3) Gratitude Practice
We live in a world where society has molded us to focus on all of the things that we don’t have and to down play all of the good things that we have going for us. Unfortunately, this has us always yearning for more, creating a sense of insufficiency within ourselves. One of the most effective ways to reverse this is by adopting a gratitude practice. Gratitude allows us to sit back and reflect on all of the great things that we have going for us in our lives that we typically take for granted:
- Being alive
- Having a roof over our heads
- Having family and friends that love us
- Being able to touch, feel, and hear
- Having capable bodies
- Having a career that allows us to pay bills, travel, etc
Regularly being grateful for the good things going on in your life positively impacts your energy, mood, and overall vibe. I love writing in my 5 Minute Journal every morning to start my day. This instantly sets the stage for my day and has me in a positive mood before I leave the house. An even easier practice is to write down three things that you are grateful for every morning when you wake up and three things that you are grateful for before you go to bed. Having a consistent gratitude practice can shift your focus towards what you have instead of obsessing over what you don’t have. This creates a bigger sense of fulfillment.
4) Hold Yourself Accountable
Being able to hold yourself accountable works wonders in fostering a better relationship with the person in the mirror.
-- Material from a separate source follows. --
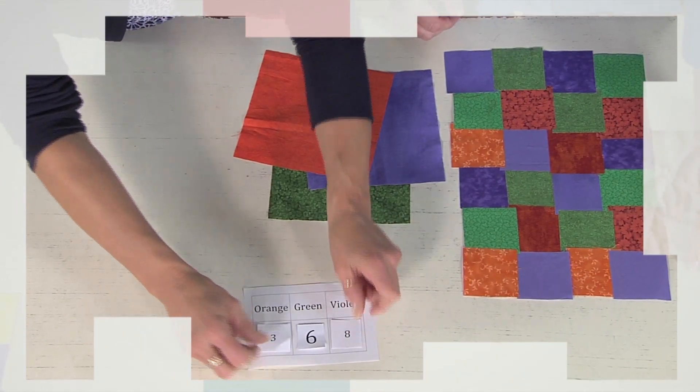Find your balance, color luminosity. It's all today on Quilting Arts.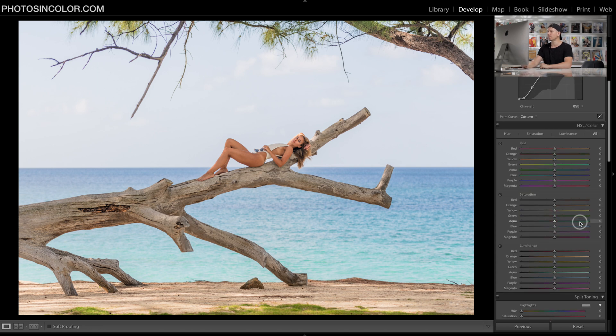Now we've got to alter the colors — hue, saturation, and luminance. Starting with hue: it's important that we don't move the orange slider very much because that's where the skin tones live, so we leave that at zero. We're going to create a diagonal line — plus 40 on one side, negative 30 on the other, then negative 16 on the next slider. For the aqua we're going all the way to zero, making a real diagonal line, then coming back the other way to 20.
For one, it helps you take your power back by not placing blame on others when things don’t go your way. Oftentimes, when we don’t get the result we are looking for, we place the blame on everything/everyone else instead of looking at ourselves and seeing if we took all of the necessary steps needed to succeed.
When we place blame externally we end up giving all of our power away. It takes a strong, secure person to be able to admit when he or she is wrong. It takes an even stronger person to do something about it. From this day forward, understand that you are in control of what gets done in your life. If something slips through the cracks, take ownership of it and change it for the better. When you do make that change, you will have a huge sense of accomplishment after.
5) Practice Forgiveness
Practicing forgiveness has had the biggest impact in improving my relationship with myself. In the past, if I ate bad, drank too much, or did anything that I wasn’t proud of I would instantly guilt myself. Holding ourselves accountable is super important, but we have to be careful that we don’t go overboard and start beating ourselves up. I’ve fallen victim to this many a times. Not only did I do something negative with my poor actions, but then I’d compound the negative energy by feeling guilty after and throwing myself a pity party.
“How could I have done this?”
“Why was I so stupid?”
How did I let this happen AGAIN?!”
All of these sentiments dug me into a deeper hole, further sabotaging my mood and self-image.
The day I started forgiving myself for such actions is the day my mindset and relationship with myself really changed for the better. I took the time to deeply reflect on all the baggage of my past that I kicked myself in the ass for and decided to forgive myself. Literally, I just told myself that everything was okay. I still mess up from time to time just like anyone else, but the way I deal with it is different. First, I hold myself accountable because I understand that it was my fault. If I catch myself feeling some type of way, I’ll simply forgive myself and move on. This has enabled me to bounce back much faster after I’ve messed up and right my wrongs.
At the end of the day, none of us are perfect. We make mistakes and we always will. Having the mental capacity and self-awareness to recognize this and not beat yourself up about it is key. Acknowledge, take ownership, forgive, and move on for the better.